You have THIS *HP 15-f387wm Notebook PC* which was purchased on April 14, 2017 and came with Windows 10 Home 64-bit.

What type of Bluetooth issue are you having with it?

------------------------------------------------


----------



## Qwacu (Apr 4, 2020)

Am referring to the bluetooth under ''devices'' in settings of the pc


----------



## bassfisher6522 (Aug 8, 2008)

It's telling you that you have a bluetooth device on that system. Nothing wrong. Some OEM systems come with that option so users can connect their mobile devices with out having to use a cable.


----------



## Qwacu (Apr 4, 2020)

yes but I can't do that. I can connect y phone to it using the bluetooth.


----------



## Qwacu (Apr 4, 2020)

Where notification drops on the taskbar, there are options like the 'wifi', 'mobile hotspot',' project' and among others but there is no bluetooth to connect.


----------



## cwwozniak (Nov 29, 2005)

Here is some information from a Microsoft Support web page for adding Bluetooth to the taskbar Action Center and pairing devices.

https://support.microsoft.com/en-us/help/15290/windows-connect-bluetooth-device


----------



## zebanovich (Mar 2, 2019)

Qwacu said:


> Where notification drops on the taskbar, there are options like the 'wifi', 'mobile hotspot',' project' and among others but there is no bluetooth to connect.
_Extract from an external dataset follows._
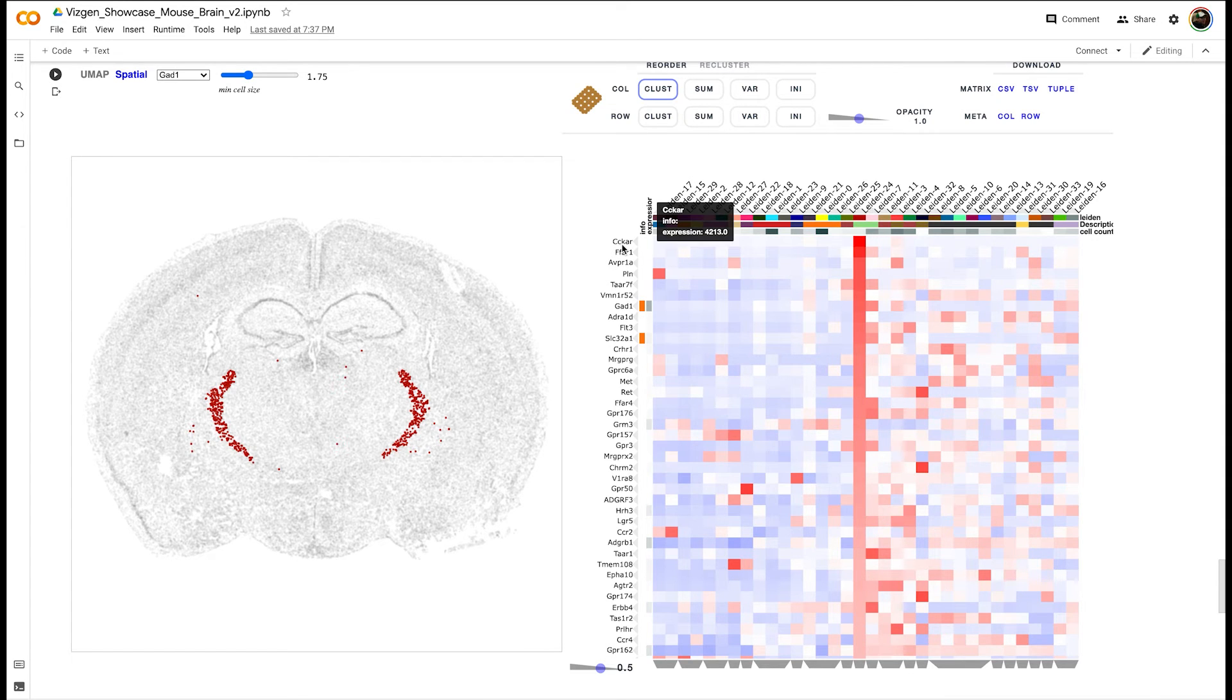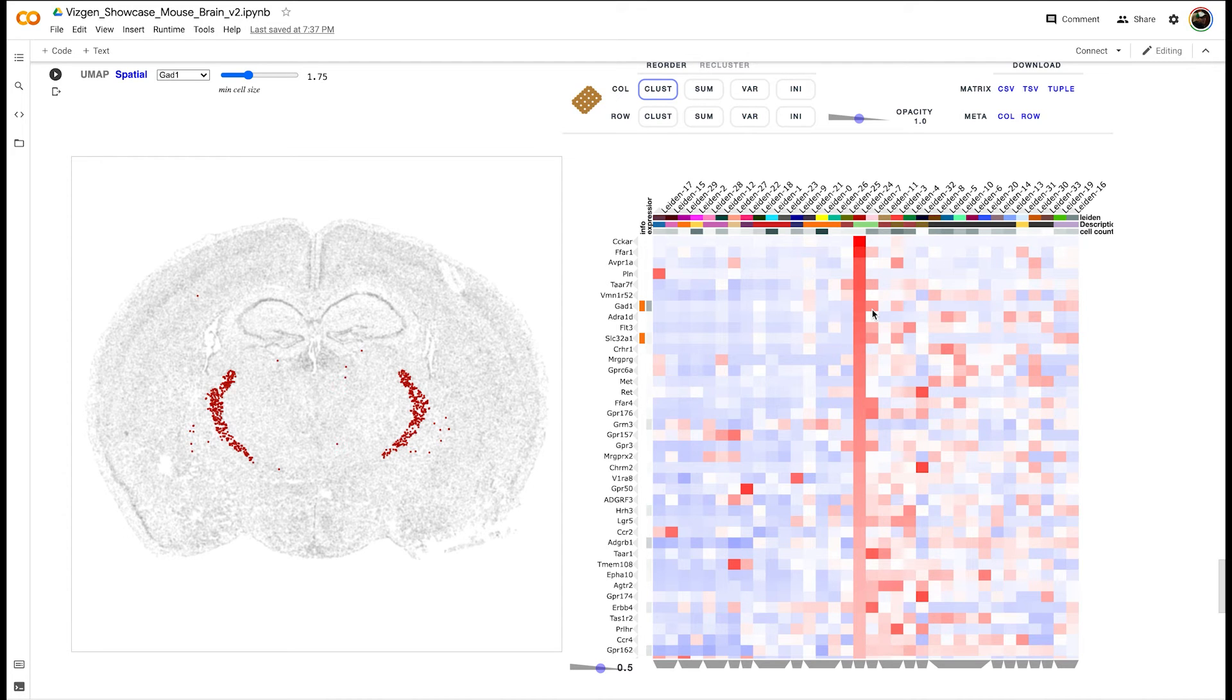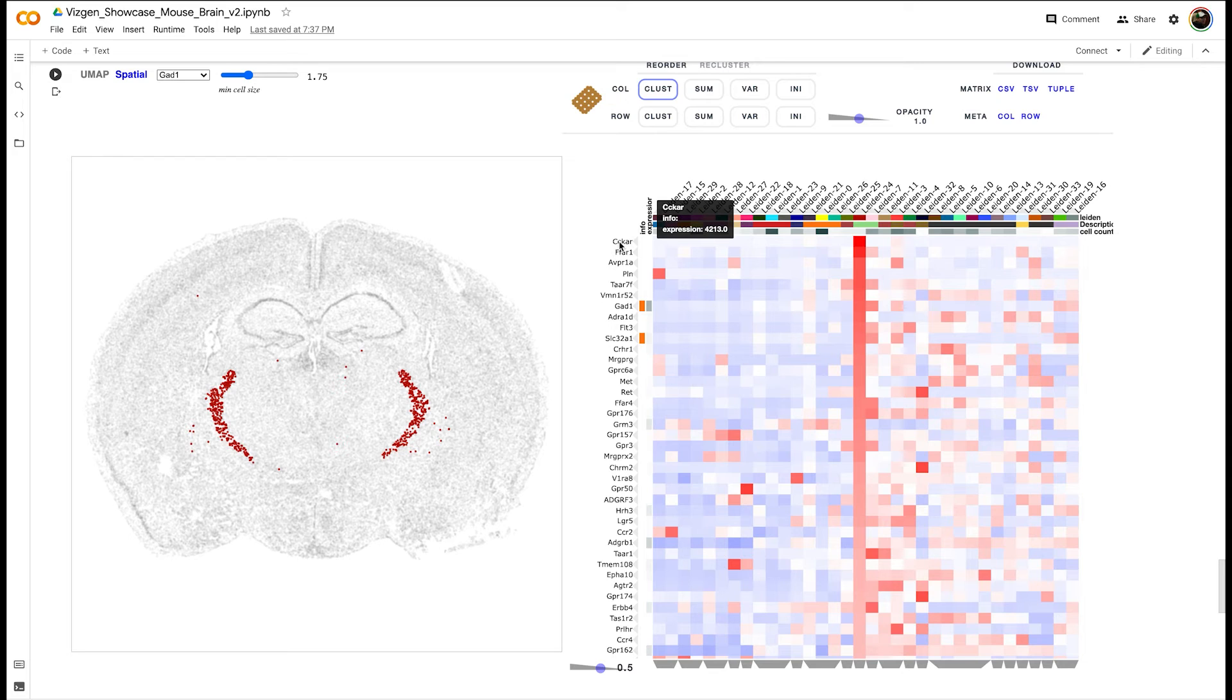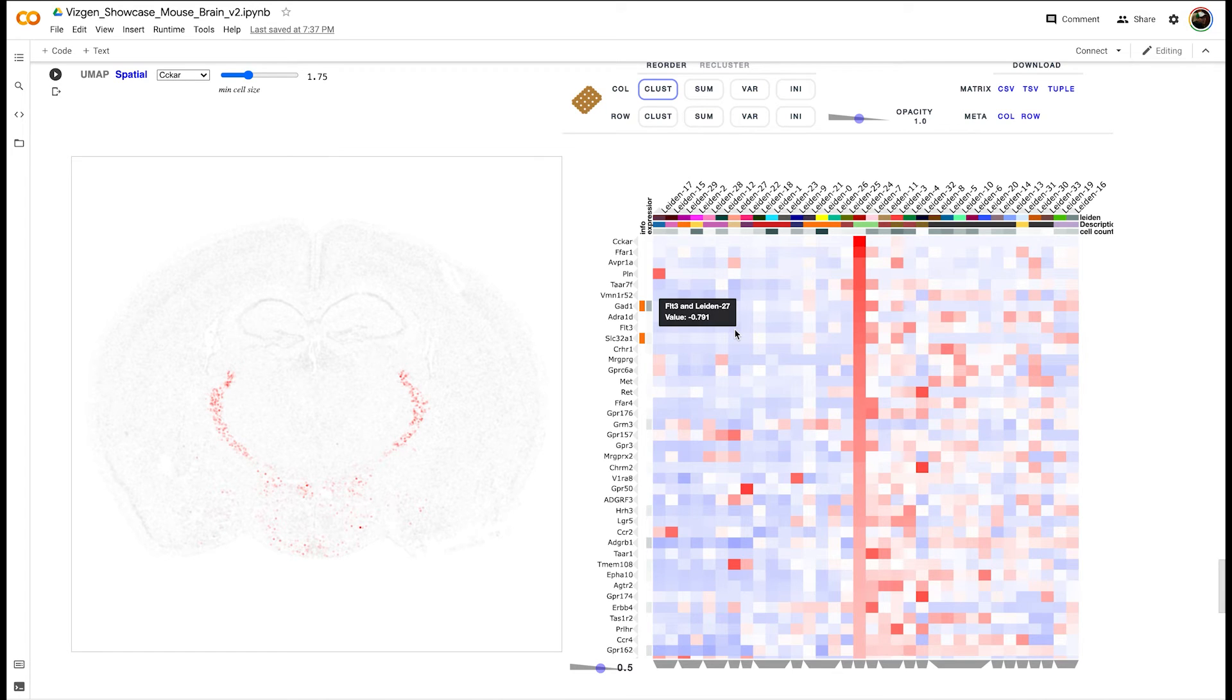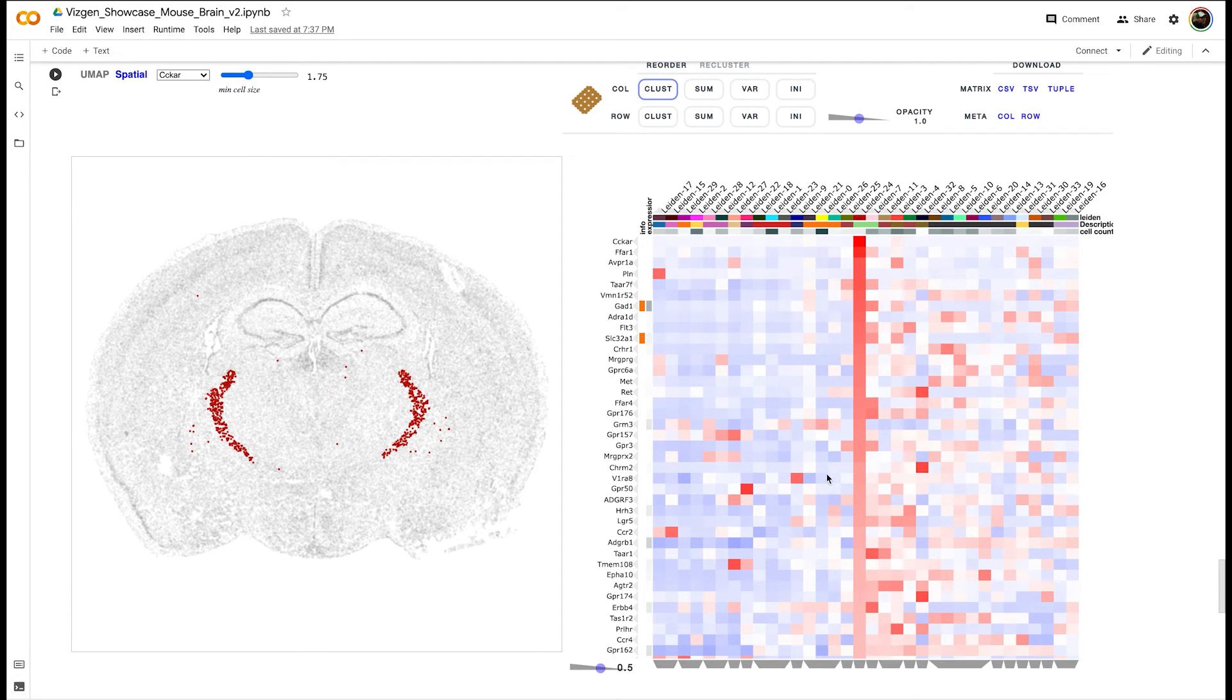Among the inhibitory neuron clusters that we see in our Leiden clusters, this particular cluster is distinguished based on the expression of particular genes like the receptors CCKAR, and also distinguished by its very distinct spatial localization within the brain.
It looks like you don't have bluetooth driver installed, you can find drivers on the site linked in post #2


----------



## Qwacu (Apr 4, 2020)

zebanovich said:


> It looks like you don't have bluetooth driver installed, you can find drivers on the site linked in post #2


Okay thanks so much. let me try and see how best it works out


----------



## Qwacu (Apr 4, 2020)

On their page they said you must ensure your windows 10 pc supports bluetooth before you carry on with the process and since i have no bluetooth drivers on my I stopped.


----------



## zebanovich (Mar 2, 2019)

OK, plese right click on start button and select *PowerShell* (*not* PowerShell Admin)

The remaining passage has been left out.